▶ _GIVEN DATA_:
*** Block opens ***

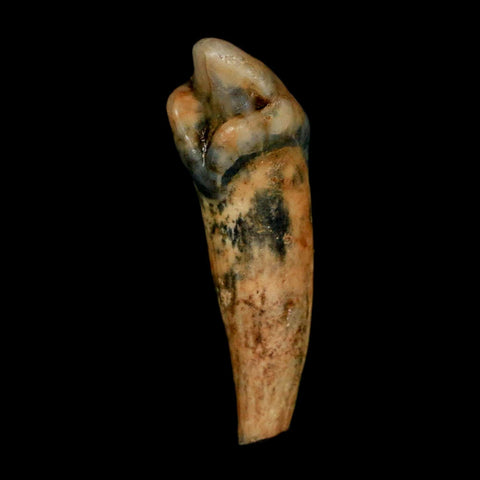 1.2" Extinct Cave Bear Ursus Spelaeus Incisor Tooth Rooted Pleistocene Age COA, Stand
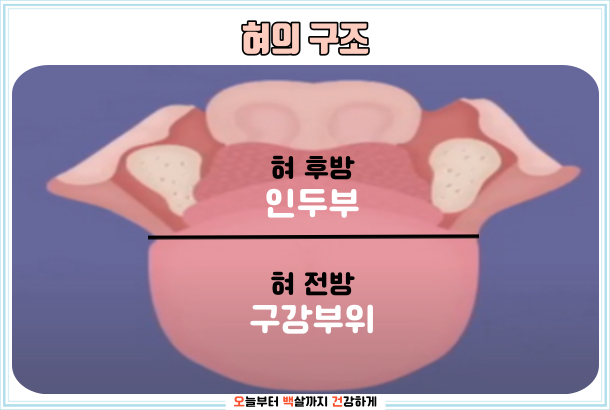 설암 혀암 원인과 초기 증상 3기 생존율 : 네이버 블로그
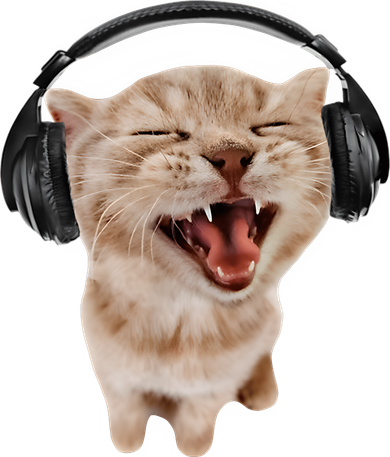Silly Cat With Headphones Doggie Tank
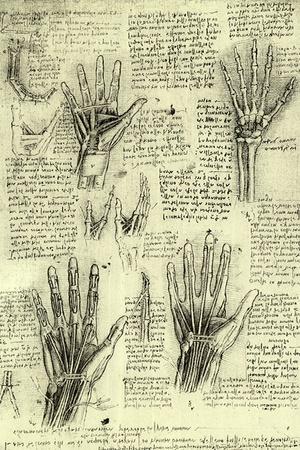 https://imgc.allpostersimages.com/img/posters/functions-of-human-hand_u-L-Q1I5GN50.jpg?artPerspective=n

*** Block closes ***

▶ _YOUR GOAL_: All of the data is to be transcribed exactly, with images omitted.

▶ _SOLUTION TO THE EXERCISE_:
 1.2" Extinct Cave Bear Ursus Spelaeus Incisor Tooth Rooted Pleistocene Age COA, Stand
 설암 혀암 원인과 초기 증상 3기 생존율 : 네이버 블로그
Silly Cat With Headphones Doggie Tank
 https://imgc.allpostersimages.com/img/posters/functions-of-human-hand_u-L-Q1I5GN50.jpg?artPerspective=n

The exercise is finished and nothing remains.